Take Facebook, for example. Your Facebook account is clearly something you probably want to keep separate.
Fiance and I were recently both looped into a discussion in Facebook between his brothers and sisters regarding what we would be doing for the holidays and when we could all get together. Fiance navigated to the social networking site to respond with what our plans entailed, but got sidetracked by the box in the upper right hand corner of the home page that suggests other people you may know and desire to add as Facebook friends.
The first person listed was his brother.
"That's funny," Fiance said to himself. "I could have sworn I was already friends with him."
He clicked the "Add Friend" button and moved on to the second person in the list: his sister's husband.
"Huh," said Fiance. "I thought I was friends with him too." So he added his brother-in-law as well.
Facebook then suggested he may wish to friend one of his coworkers.

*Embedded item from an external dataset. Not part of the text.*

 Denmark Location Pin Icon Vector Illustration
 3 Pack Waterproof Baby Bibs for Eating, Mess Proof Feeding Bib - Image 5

Fiance obliged.
Fiance continued in this manner, friending five of six more individuals he believed he was already Facebook friends with.
When he finally felt tapped out on adding friends for the day, he moved on to responding to his family regarding our plans for the holidays. He typed out a short message, hit "reply all," and then saw his message appear on the list - with my name and image. With a sinking feeling, Fiance realized the source of all of his Facebook-friend-deja vu and what he had done.
Apparently, I was the last person to use the laptop and left my Facebook account logged in. Fiance had been sending friend requests to people that, yes, were already his Facebook friends, but whom I maybe have met once or twice (with the exception of certain members of his family) and therefore not quite in the realm of proper Facebook friendship. Other Facebook users will certainly understand and relate to this breach of etiquette.
So the lesson of the day is ALWAYS log out of your personal accounts on a shared computer. The end result wasn't too detrimental, I suppose. Everyone he/I "friended" accepted my request. So at least they don't all think I'm a total weirdo, and I gained some additional Facebook clout.
I learned that the word "friended" is actually a real verb because spell checker didn't pick it up. "Friending" too! Who knew?